Each line from the one containing "793348c01 – charms" to the end of the data must be copied exactly, the first and last included; no other lines and no pictures belong in the copy.
=-=-=-=-=
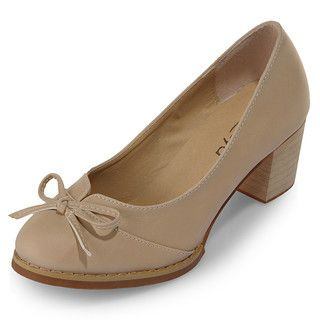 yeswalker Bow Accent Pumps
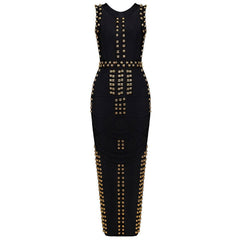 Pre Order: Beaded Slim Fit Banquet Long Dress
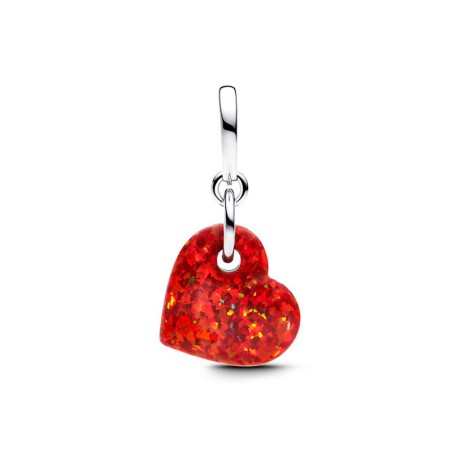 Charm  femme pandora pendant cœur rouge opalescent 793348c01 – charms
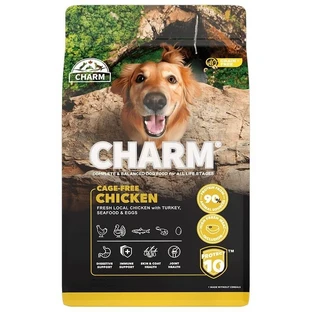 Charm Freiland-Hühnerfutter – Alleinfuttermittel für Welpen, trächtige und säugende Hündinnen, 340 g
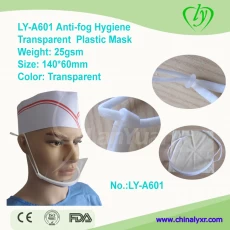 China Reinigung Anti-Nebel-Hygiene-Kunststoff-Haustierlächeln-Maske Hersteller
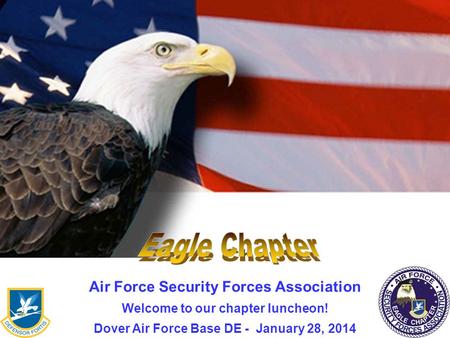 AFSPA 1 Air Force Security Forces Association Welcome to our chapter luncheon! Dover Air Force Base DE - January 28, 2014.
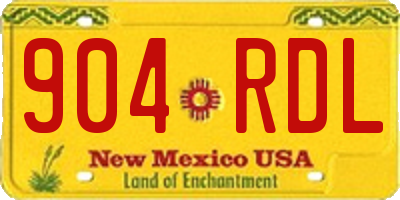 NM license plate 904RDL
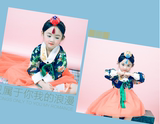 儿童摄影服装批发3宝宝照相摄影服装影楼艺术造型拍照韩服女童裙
=-=-=-=-=
RESPONSE AREA:
 Charm  femme pandora pendant cœur rouge opalescent 793348c01 – charms
 Charm Freiland-Hühnerfutter – Alleinfuttermittel für Welpen, trächtige und säugende Hündinnen, 340 g
 China Reinigung Anti-Nebel-Hygiene-Kunststoff-Haustierlächeln-Maske Hersteller
 AFSPA 1 Air Force Security Forces Association Welcome to our chapter luncheon! Dover Air Force Base DE - January 28, 2014.
 NM license plate 904RDL
 儿童摄影服装批发3宝宝照相摄影服装影楼艺术造型拍照韩服女童裙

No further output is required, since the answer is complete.